Who is Bain Capital?

 
Headquartered in Boston, Bain Capital is known in the corporate buyout world for charging higher carried interest than average-30 percent rather than the standard 20 percent. Overall, its total assets under management were valued at $40 billion in 2007.

Read more about Bain Capital at BehindTheBuyouts.org.

Will our child care go the way of KB Toys?

KB Toys went bankrupt less than four years after being bought by Bain Capital, shutting down hundreds of stores and laying off thousands of employees, yet Bain Capital got a reported $85 million return on its $18 million investment. Not only did the initial buyout include $237 million in debt, but the company went even further into debt to fund a “dividend recapitalization”—approximately $121 million in payments to Bain Capital and KB Toys executives.

The Wall Street Journal’s Deal Journal describes dividend recapitalization:

“Under this procedure, a buyout firm’s portfolio company takes on additional debt, which it then uses to pay its buyout sponsor a dividend. That allows the buyout firm to take some of the risk of its equity investment off the table, while still owning the company—a win-win situation if there ever was one. Critics frown on these transactions, which they say needlessly burdens companies with debt without giving them any cash to finance their operations.

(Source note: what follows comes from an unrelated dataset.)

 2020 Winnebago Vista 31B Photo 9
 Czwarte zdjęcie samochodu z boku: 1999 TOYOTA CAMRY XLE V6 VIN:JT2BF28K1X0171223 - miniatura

Neil Weinberg and Nathan Vardi wrote in Forbes in March 2006:

“In one get-rich-quick scheme, a dividend recap let Bain Capital turn an $18 million stake in faltering KB Toys into $85 million in cash—but left KB itself in much weaker shape. Bain put up $18 million and took on $237 million in debt to buy the company in December 2000. In April 2002 KB raised $66 million more in bank debt and used cash on hand to pay out $121 million in special dividends—$85 million for Bain and $36 million for senior executives who signed off on the recap. But KB went on to lose $109 million in less than two years, creditors say, filing for Chapter 11 protection in January 2004. Since then it has shut half of its 1,200 stores and laid off more than half of its 16,000 employees.